Jamie Fellner, director of the United States program for Human Rights Watch, said her group was pleased with the reports of guarantees of due process but added that the matter of appeals "goes to the heart of the process."

"You can't have justice without an independent and impartial proceeding, and they have not addressed that," Ms. Fellner said. "You still have a system in which the president determines who should be tried, who the commissions will consist of, and the president will determine what punishment will be levied on the accused. He's the prosecutor and the ultimate judge."

George Bush on Tribunals: Better Than the Taliban

George Bush just doesn't seem to get it.  He said that "whatever the procedures are for the military tribunals, our system will be more fair than the system of bin Laden and the Taliban. That is for certain."

Better than the Taliban is not what the United States is about.  If we just want to be better than the Taliban, we can amputate the fingers of thieves, not the entire hand.

What the United States is about is fairness and justice.  That is the standard the tribunal rules must be judged against, not whether they provide a better system than maniacal, medieval terrorists!

Why Be Concerned About the Tribunals?

While none of us have any sympathy for the actual murderers who planned and carried out the September 11 attacks, it's illogical to use that feeling as a basis for not caring about the fairness of the tribunals.  The reason is -- as the scores of innocent people being released from death row after being convicted of murder attest -- innocent people are sometimes arrested, charged and convicted.

So we need to be certain that whomever is convicted by a military tribunal is truly guilty.  The fairness and openness of the trial would be one way to ensure that the innocent are not punished.

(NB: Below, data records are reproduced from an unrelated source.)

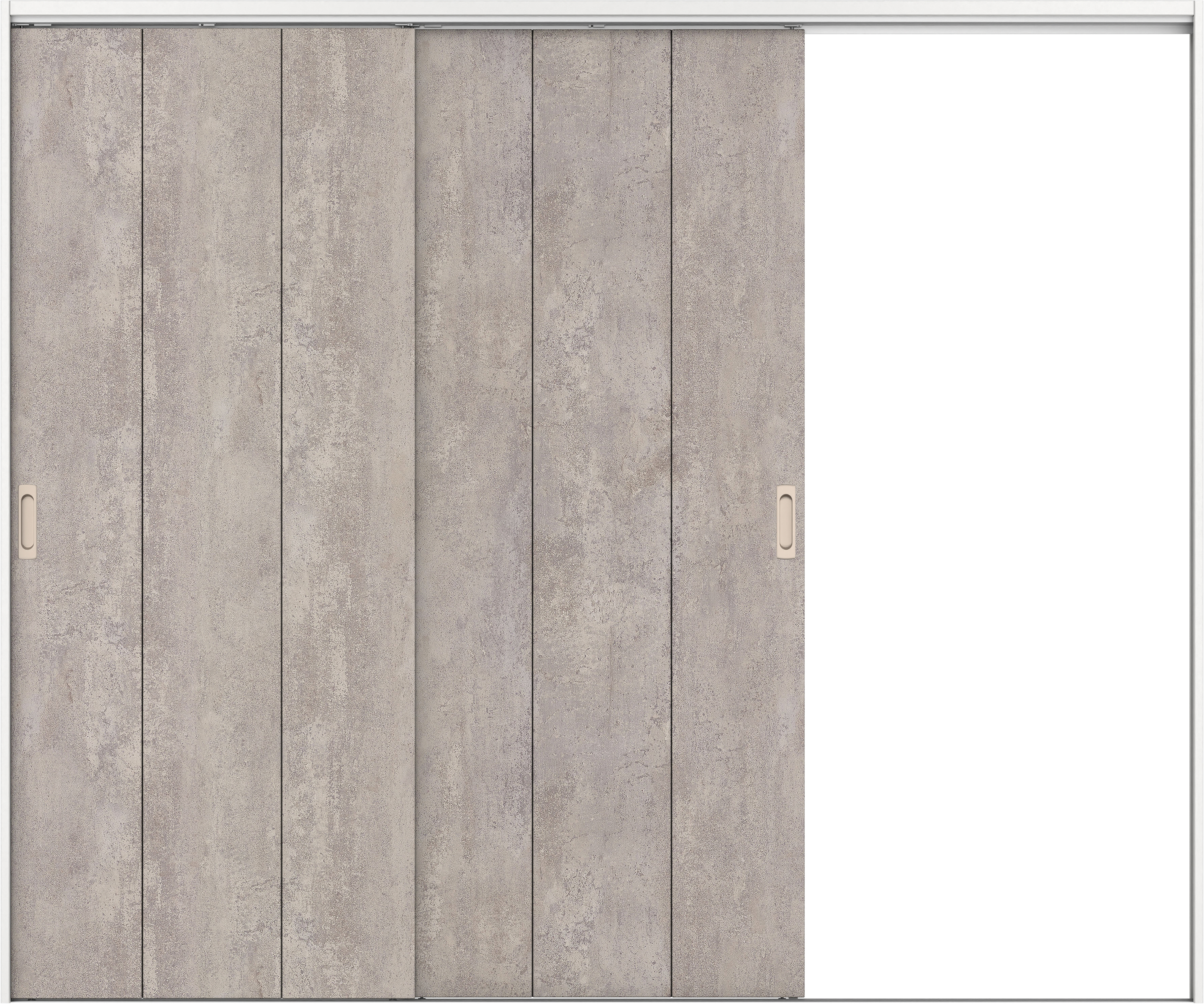 リビングドア　イエリア　吊戸・２枚片引　扉セット　Ｇ１デザイン　２４３７幅用　２０００高　〈コンクリートグレー柄〉　右引用　錠なし　ラクラクローズ付用
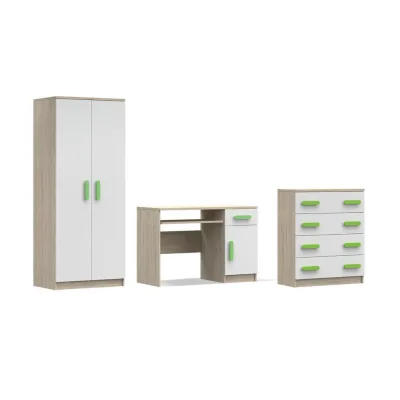 Deine Möbel 24 Kinderzimmer-Set Weiß, Sonoma Eiche, Grün 270x50x192 cm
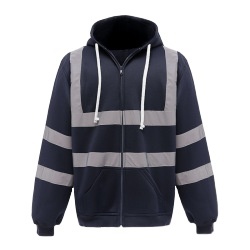 Chaqueta de Trabajo Reflectante de Alta Visibilidad para Hombre, Impermeable, con Capucha y Bolsillos, Abrigo de Seguridad para Invierno, Diseño con Bloques de Color - Product Image 2
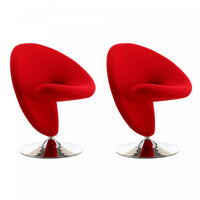 Curl Modern Wool Blend Swivel Lounge Chair in Red - Set of 2 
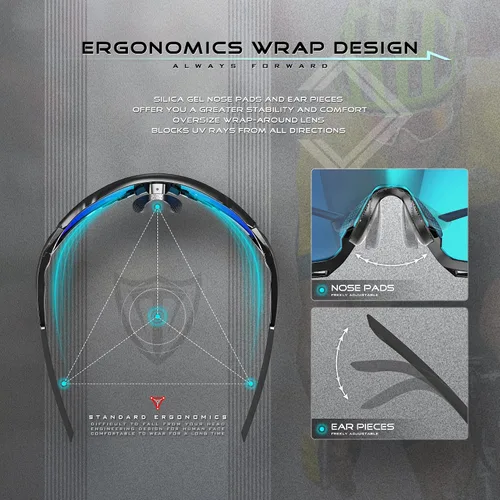 Vista 6 de ATTCL Gafas de sol de ciclismo de lujo para hombres y mujeres, gafas deportivas, protección UV 400 para ciclismo, esquí, conducción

Moreover, on a personal note, some of us continue to be very nervous about Attorney General John Ashcroft's testimony last month before the Senate Judiciary Committee, essentially equating criticism of the Bush administration with treason:

Your tactics only aid terrorists, for they erode our national unity and diminish our resolve. They give ammunition to America's enemies, and pause to America's friends.

Right now the military tribunals are only for non-citizens.  But given Ashcroft's fascist inclinations, I want the tribunal procedures to be fair, just in case any citizens  who are strong critics of the Bush administration -- like myself -- somehow wind up in an Ashcroftian-induced proceeding before such a tribunal for the high crime and misdemeanor of exercising our First Amendment rights.